Nathaniel Casey, Investment Strategist at wealth manager Evelyn Partners, comments: “The UK economy managed to dodge a contraction in the third quarter, just edging out the 0.1% contraction that has been forecasted by economists, to instead show no growth for the quarter. This was driven by September’s monthly growth data which at 0.2%, was ahead of the expected flat growth forecast for the month. This means the UK economy is not yet teetering on the verge of a technical recession, which is defined as two consecutive quarters of negative GDP growth. On a year-on-year basis the UK economy has expanded by 0.6% over the last 12 months.
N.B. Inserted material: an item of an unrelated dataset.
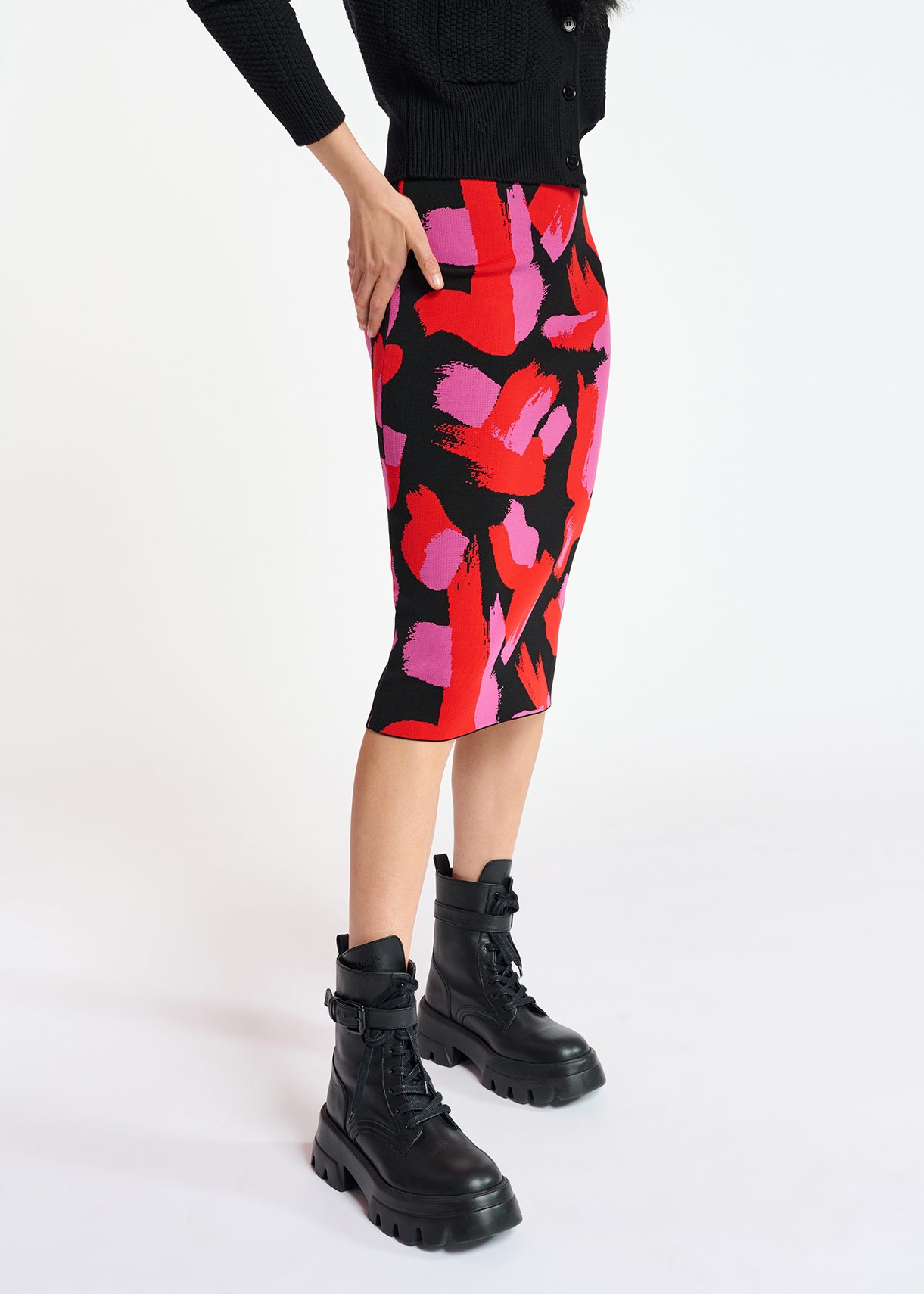 Black, red and fuchsia jacquard-knit midi skirt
“Despite a strong start to the first half of the year, consumption has now started to wane, with the sector contributing -0.2 percentage points to the QoQ real GDP figure. Within this, retail sales contracted by near 1% QoQ with consumer facing services contracting by a more pronounced 3%. Higher interest rates have likely weighed on discretionary spending over the summer, prompting a deterioration in consumer confidence. Further evidence of higher rates filtering through into the real economy could be seen from residential investment which fell 1.7% QoQ marking its fourth consecutive quarterly decline.
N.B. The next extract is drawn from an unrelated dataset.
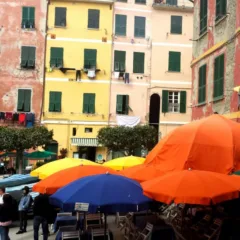 Vernazza, ombrelloni colorati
“Government spending also weighed negatively on the quarterly growth rate, contributing -0.1 percentage points. Real government consumption expenditure fell by 0.5% in the third quarter following an increase of 2.5% in the previous quarter. The fall in government consumption in the latest quarter mainly reflects lower spending on health and on education, which fell by 1.4% and 0.3%, respectively.
“The figures are not all doom and gloom with an improvement in net trade for Q3 contributing 0.4 percentage points to the QoQ rate. Export volumes increased by 0.5% in the third quarter, following a fall of 0.9% in the second quarter. The increase was driven by a 2.8% rise in services exports, which offset a fall of 2.0% in goods exports. Import volumes fell by 0.8% in the third quarter. This decline was driven by a 3.5% fall in goods imports, which offset a 4.2% increase in services imports.
“Similarly, inventories remained a positive contributor to the headline figure, as it has now for four consecutive quarters, adding 0.2 percentage points to the QoQ growth figure.
“Looking ahead, the lagged impacts of tight monetary policy are beginning to impact the UK economy, as the cost of capital increase, households will experience a reduction in disposable incomes as aggregate mortgage payments tick up. However, as the labour market remains tight with unemployment at near recent lows and wage growth remaining elevated, this should act as a partial buffer for any downside potential on consumption heading into Q4 and into next year.
“Although the BoE have seemingly paused on interest rates with markets pricing in only a c.20% chance of one more hike over the next three meetings, it does not mean rate cuts are on the immediate horizon. However, BoE chief economist Huw Pill recently hinted at rate cuts materialising sooner than participants expected. With the economic growth picture deteriorating and inflation starting to come under control it could prompt the BoE to cut rates as soon as Mid 2024.
“With the UK economy managing to avoid contraction in the third quarter the risks of an imminent technical recession have been delayed for now. However, as the impact of higher interest rates continue to put the brakes on consumption, the resulting drag on the real economy could lead to negative economic growth in the coming quarters which might prompt the BoE to cut rates sooner than expected.”